# [Problem details]
Once you know how many lines below hold "Street", reply with that number and add nothing.

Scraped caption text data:
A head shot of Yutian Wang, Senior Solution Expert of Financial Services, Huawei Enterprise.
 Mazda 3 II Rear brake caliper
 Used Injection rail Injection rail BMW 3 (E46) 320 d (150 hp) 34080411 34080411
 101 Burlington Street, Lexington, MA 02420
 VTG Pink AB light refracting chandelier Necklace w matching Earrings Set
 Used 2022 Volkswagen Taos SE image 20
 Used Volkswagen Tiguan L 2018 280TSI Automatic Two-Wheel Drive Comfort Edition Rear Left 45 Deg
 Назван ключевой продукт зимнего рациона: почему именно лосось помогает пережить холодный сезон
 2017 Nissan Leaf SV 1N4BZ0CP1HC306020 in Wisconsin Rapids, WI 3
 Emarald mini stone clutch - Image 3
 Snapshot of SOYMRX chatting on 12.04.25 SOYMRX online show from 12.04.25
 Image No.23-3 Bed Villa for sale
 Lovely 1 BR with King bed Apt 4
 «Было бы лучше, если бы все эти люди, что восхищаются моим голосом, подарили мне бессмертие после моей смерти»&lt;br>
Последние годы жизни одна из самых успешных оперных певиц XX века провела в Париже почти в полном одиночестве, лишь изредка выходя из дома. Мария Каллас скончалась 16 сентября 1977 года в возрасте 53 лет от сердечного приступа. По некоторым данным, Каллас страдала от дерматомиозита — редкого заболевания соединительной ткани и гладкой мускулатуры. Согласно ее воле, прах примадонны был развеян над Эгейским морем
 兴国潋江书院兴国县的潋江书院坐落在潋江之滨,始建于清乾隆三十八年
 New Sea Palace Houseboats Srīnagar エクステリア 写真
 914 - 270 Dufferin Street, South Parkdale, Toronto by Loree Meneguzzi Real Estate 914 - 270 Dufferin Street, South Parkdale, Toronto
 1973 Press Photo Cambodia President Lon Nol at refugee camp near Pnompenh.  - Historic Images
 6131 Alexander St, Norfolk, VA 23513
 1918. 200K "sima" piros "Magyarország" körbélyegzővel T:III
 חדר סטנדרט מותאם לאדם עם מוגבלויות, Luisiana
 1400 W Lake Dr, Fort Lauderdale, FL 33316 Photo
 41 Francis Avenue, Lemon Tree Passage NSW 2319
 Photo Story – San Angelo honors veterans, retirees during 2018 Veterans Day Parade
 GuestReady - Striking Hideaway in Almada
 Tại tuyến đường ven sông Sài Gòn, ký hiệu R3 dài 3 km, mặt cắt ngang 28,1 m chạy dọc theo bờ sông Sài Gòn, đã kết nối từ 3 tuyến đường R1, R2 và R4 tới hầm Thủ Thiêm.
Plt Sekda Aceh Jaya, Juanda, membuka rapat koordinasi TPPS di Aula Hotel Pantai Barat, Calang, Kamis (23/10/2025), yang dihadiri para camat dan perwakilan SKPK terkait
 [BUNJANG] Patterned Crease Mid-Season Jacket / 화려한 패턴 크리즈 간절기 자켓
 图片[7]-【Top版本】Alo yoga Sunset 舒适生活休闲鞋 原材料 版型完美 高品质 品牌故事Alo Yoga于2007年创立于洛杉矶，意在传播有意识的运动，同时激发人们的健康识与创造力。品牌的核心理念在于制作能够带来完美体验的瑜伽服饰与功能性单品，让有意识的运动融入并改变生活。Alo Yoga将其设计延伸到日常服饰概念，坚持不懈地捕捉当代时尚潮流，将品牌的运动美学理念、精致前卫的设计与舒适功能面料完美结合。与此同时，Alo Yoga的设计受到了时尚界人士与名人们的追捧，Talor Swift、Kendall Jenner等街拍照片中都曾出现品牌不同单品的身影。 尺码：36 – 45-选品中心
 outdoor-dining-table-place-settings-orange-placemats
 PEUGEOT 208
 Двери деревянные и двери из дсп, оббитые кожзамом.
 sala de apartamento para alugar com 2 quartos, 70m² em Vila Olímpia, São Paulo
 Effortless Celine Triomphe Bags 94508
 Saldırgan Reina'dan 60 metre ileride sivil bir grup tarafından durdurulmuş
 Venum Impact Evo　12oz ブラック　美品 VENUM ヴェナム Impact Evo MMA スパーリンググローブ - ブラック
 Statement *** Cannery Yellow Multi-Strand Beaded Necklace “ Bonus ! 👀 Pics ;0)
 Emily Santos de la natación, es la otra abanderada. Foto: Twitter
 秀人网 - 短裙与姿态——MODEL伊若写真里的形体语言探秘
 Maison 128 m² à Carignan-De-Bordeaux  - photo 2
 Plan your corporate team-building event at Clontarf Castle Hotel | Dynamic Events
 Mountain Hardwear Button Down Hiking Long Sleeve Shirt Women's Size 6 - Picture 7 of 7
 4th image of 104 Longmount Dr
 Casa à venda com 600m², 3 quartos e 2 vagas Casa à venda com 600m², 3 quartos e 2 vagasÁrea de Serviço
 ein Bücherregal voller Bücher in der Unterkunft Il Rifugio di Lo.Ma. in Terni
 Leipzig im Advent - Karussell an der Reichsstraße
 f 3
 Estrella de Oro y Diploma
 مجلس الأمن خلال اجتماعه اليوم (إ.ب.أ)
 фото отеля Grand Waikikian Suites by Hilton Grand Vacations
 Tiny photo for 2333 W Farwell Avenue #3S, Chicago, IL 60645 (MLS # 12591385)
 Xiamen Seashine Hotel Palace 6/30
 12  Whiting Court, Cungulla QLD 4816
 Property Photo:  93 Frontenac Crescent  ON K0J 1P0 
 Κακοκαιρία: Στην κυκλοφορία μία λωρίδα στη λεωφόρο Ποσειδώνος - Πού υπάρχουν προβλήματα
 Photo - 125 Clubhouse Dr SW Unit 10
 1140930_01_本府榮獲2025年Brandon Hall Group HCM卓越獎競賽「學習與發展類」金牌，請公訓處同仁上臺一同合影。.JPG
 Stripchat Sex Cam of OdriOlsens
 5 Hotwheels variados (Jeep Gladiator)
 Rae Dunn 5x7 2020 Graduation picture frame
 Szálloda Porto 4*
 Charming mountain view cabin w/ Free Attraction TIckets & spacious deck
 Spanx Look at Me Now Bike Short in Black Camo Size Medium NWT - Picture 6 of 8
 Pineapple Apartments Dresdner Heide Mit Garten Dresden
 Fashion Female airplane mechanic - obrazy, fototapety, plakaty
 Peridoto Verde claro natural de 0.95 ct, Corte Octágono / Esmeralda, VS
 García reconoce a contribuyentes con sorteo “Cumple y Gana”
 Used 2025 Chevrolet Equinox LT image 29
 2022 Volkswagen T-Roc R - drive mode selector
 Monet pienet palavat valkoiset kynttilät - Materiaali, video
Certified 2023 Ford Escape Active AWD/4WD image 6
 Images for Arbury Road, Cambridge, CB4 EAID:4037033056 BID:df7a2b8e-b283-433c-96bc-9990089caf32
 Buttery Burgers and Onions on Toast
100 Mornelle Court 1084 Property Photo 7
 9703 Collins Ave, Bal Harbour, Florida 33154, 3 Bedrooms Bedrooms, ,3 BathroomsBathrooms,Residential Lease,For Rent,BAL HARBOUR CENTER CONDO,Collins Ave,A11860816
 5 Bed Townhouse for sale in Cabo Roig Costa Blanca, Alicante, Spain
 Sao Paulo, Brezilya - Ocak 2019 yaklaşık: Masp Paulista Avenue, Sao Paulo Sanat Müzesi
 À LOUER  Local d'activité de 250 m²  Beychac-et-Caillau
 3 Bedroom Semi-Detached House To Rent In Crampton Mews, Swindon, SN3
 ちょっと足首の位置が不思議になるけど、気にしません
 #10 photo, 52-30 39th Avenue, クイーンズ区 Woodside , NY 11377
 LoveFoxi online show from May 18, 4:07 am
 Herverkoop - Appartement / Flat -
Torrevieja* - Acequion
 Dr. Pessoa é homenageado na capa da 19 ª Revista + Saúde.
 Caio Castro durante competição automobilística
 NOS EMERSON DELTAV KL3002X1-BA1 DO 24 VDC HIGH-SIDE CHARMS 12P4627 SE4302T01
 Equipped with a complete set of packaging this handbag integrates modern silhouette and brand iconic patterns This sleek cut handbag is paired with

# [Answer section]
2